Please see Computing Services' blog post for more details
When the members of the ERIM Project started to investigate (engineering) research data and their better management for re-use, it became apparent that there was no existing terminology that allowed them to discuss with clarity the subject in hand.
To overcome this difficulty, a terminology is in the process of being evolved to provide a means of clearer communication. Many of the terms are defined to increase discrimination of like concepts on the assumption that different management implications will apply at the level of detail chosen. Also, a higher resolution for modelling follows from greater discrimination.
It is intended that the selection and definition of the terms should be validated by the extent to which they prove useful to and are adopted by the community interested in the management of research data for the purpose of making them more re-usable for research.
It is hoped, then, that the community will contribute to the evolution of the terminology such that it might, in due course, become normative. To this end discussion is invited and use and developmentg of the terminology in its current form by interested parties is encouraged.

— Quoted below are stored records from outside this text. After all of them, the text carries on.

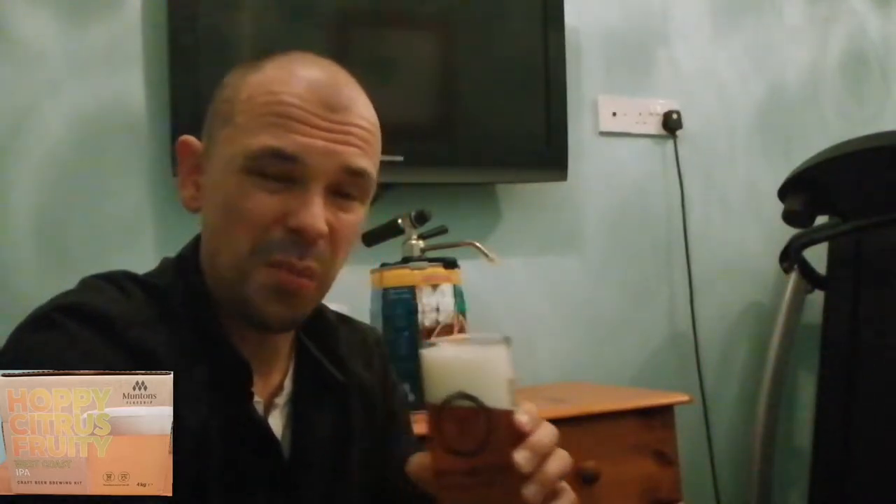Three-finger head on that easily. It's been in the garage — quite cold overnight — so it's not going to be clear yet, but by tomorrow it'll be pouring clear beer. Good head retention — it's been sitting there about five minutes and hasn't lost any head at all. I'm not a beer reviewer, I'm a drinker. You can definitely smell the hops in it. Let's give it a go.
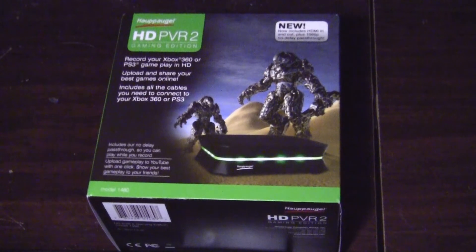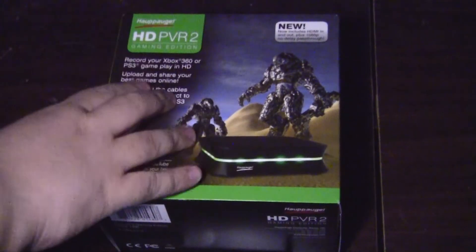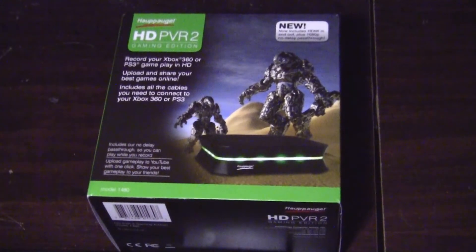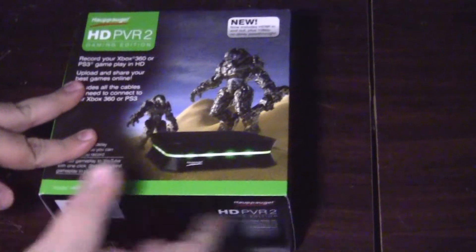This is the Original Gamer OG from original-gamer.com with another gear unboxing. This time it's for the Hauppauge HD PVR 2 Gaming Edition. We reviewed the first one that came out just a bit ago, and now a new one is out — this time it comes with HDMI. So let's open it up.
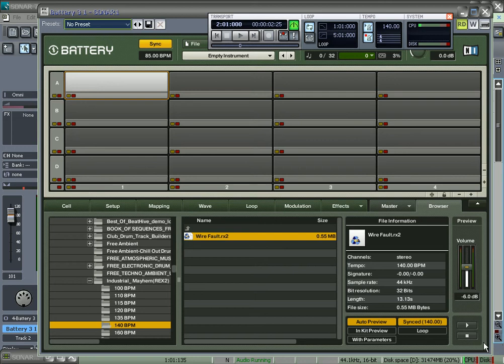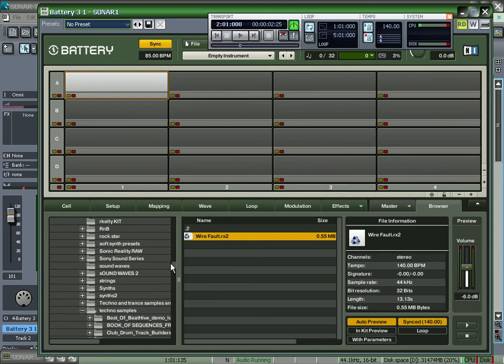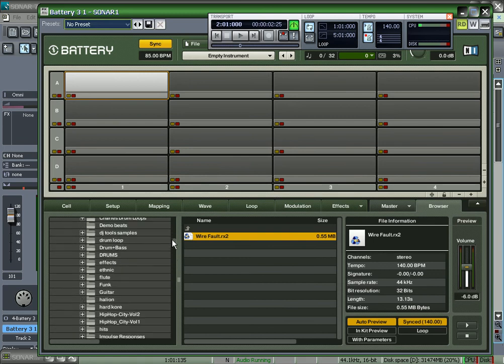I haven't really seen anybody do a video like this so I figured I'd do it. Basically there's two different ways. You can chop it up manually. I can go look for a loop or a sample off a record or whatever. I sample off anything — I carry around my digital recorder with me sometimes and I just record stuff.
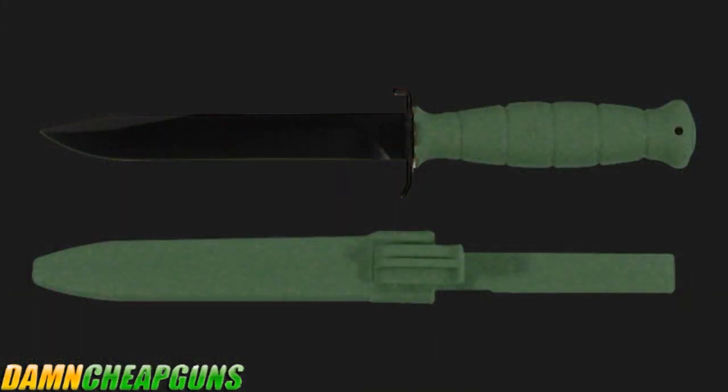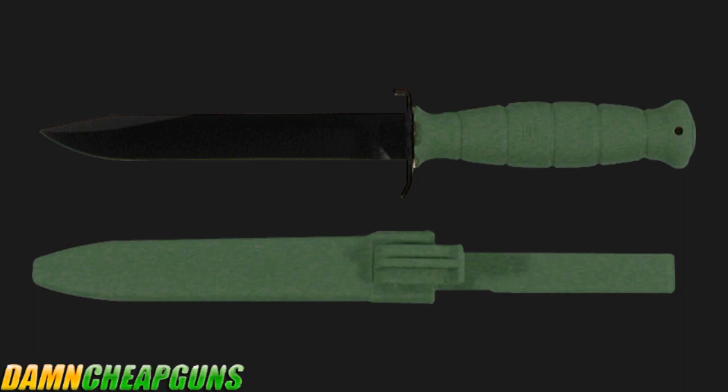This knife does it all. The Glock knife features a 6½ inch non-reflective carbon steel clip point blade. At 3/16ths of an inch thick, the blade is perfectly balanced in your hand.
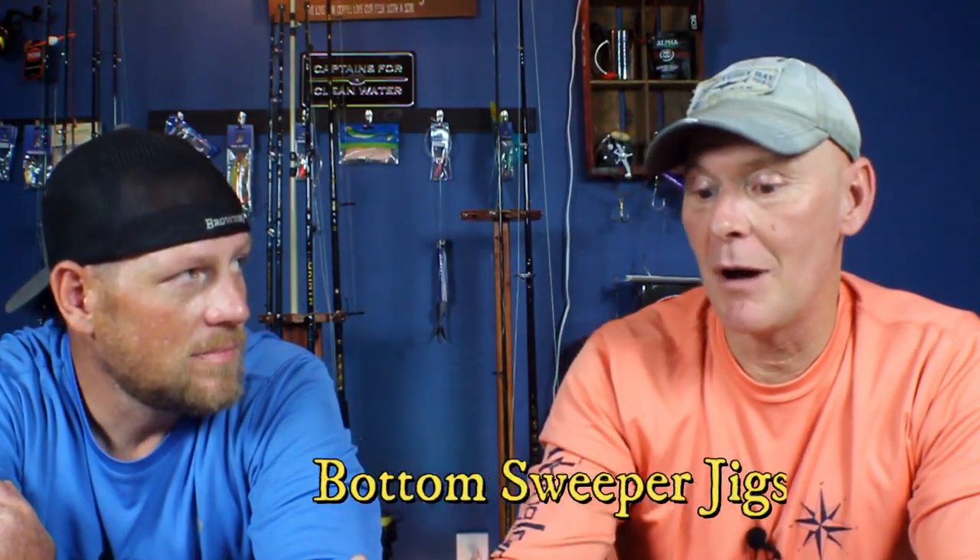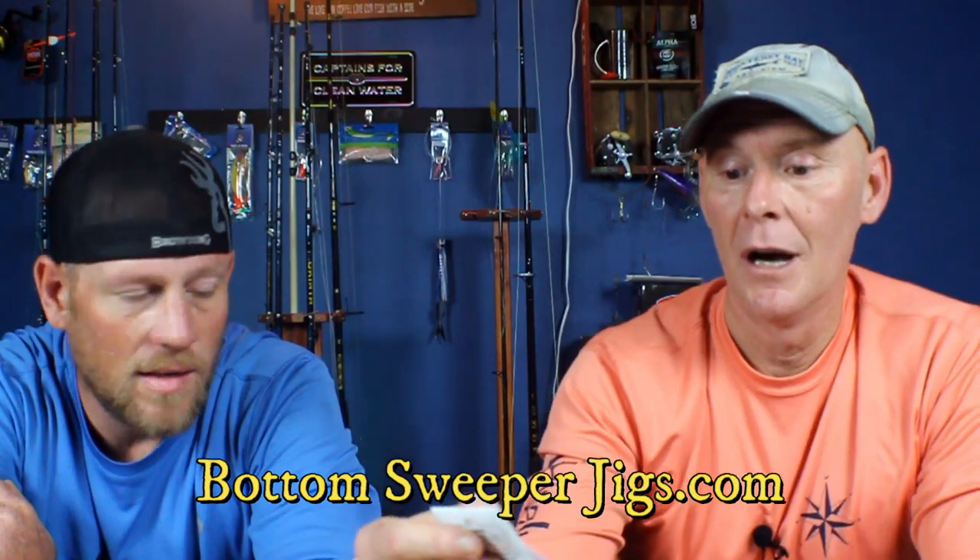We're definitely going to give them a try. I went ahead and ordered some. I'll put a link for bottomsweeperjigs.com in the description. Check them out — they're like three bucks, three and a half bucks for a package. And you don't lose as many as the swing jigs. I ordered 12 packs in assorted sizes to make sure that no matter what the current is, I've got the right size.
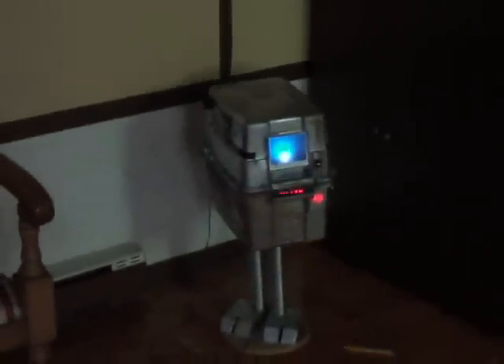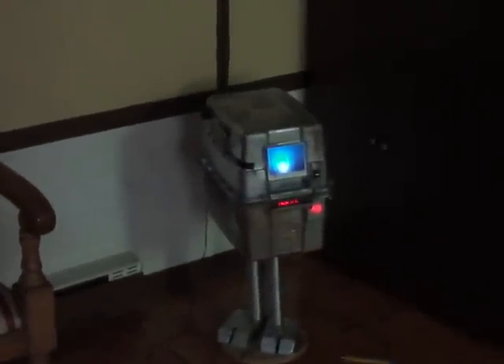He's got a PIR motion detector in the front as well. So here I'll just move around a bit — there you can see it.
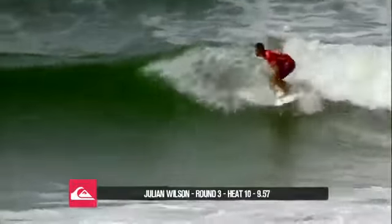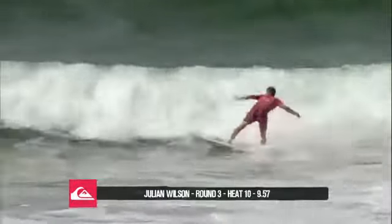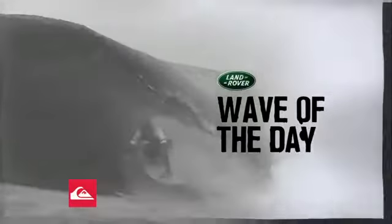He keeps moving his board and he's looking smooth and really strong on his feet. He just releases his tail and then finishes off there with another nice turn, so that was a really great opening.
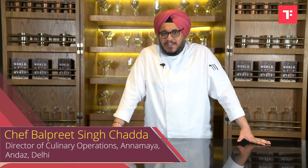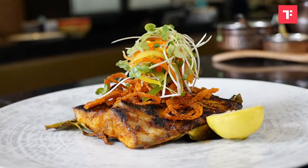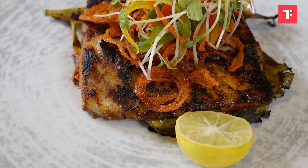Hello everybody, I'm Balpreet Singh Chadda. I'm the Director of Culinary Operations at Andas Delhi. Today I'm shooting with Times Food. I'll be showcasing one of my favourite recipes here, which is coastal fish cooked inside a plantain leaf.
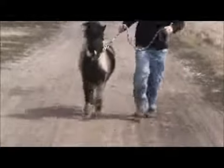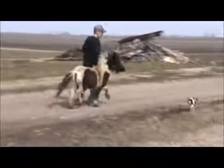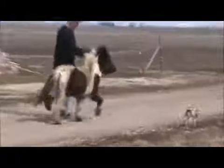Okay, bring him back. I'm going to go to the side now. Go ahead. Okay, turn him around and bring him back.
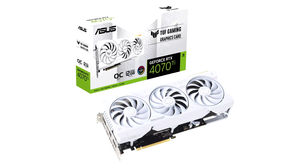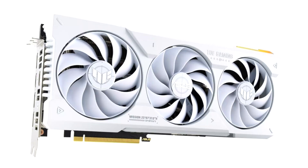Asus has expanded its TUF White lineup with a new TUF Gaming GeForce RTX 4070T White Hawk Edition Graphics Card. The new graphics card is pretty much the same version of the popular TUF Gaming 4070T Hawk Edition, just with a white color scheme, which includes the shroud, fans, the backplate, and even the standoffs.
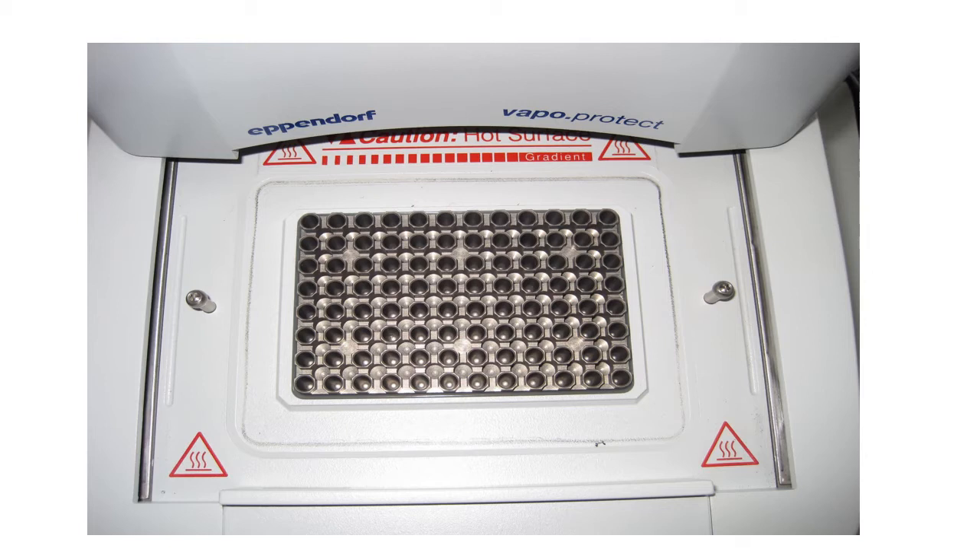We were shown the reaction wells. Into these wells goes a PCR reaction mixture tube, which should be of even thickness and smooth wall surface to ensure heat is transferred evenly.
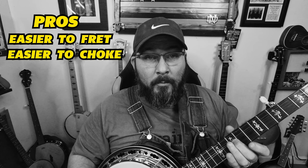Most manufacturers have recommendations on what strings to use on your particular banjo, but you may have to do a little experimenting to figure out what gauges suit you. Some pros of light strings: they're easier to fret, easier to bend, and they make a clearer sound.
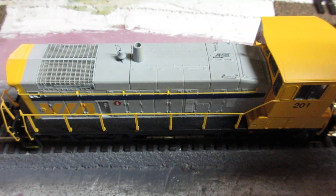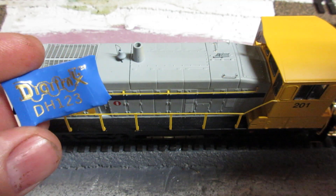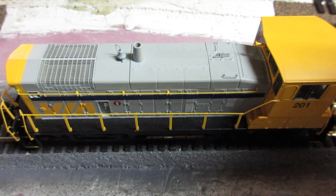Today I DCC'd this SW1500 VRL switcher. It's an Athearn DCC-ready locomotive. I had a Digitrax DH123 in it, and I took that out and put in a Loke sound decoder.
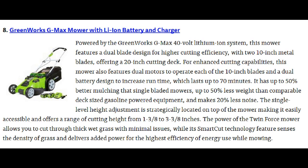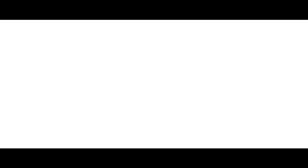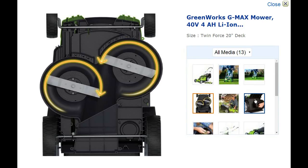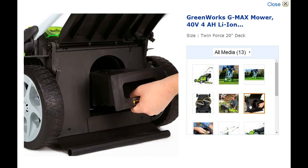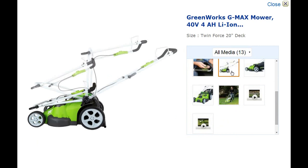Number 8 on the list is the Greenworks G-Max mower with battery and charger. It has dual motors and two 2-inch metal blades with a total cutting width of 20 inches, selling for $370. It's one of the more expensive mowers on our list, but it has a lot to offer. Its charge time lasts up to 70 minutes, so it's great if you have medium to large-sized lawns.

The terms as they currently exist and are defined are given below. For the purposes of the discussion an explanation and examples are given as necessary for clarification
A useful rubric for lexica has been coined by Felix Cohen; it is in the spirit of this that the terminology is presented:
Once we recognize that a definition is, strictly speaking, neither true nor false but rather a resolution to use language in a certain way, we are able to pass the only judgment that ever needs to be passed on a definition, a judgment of utility or inutility. (Cohen, 1950)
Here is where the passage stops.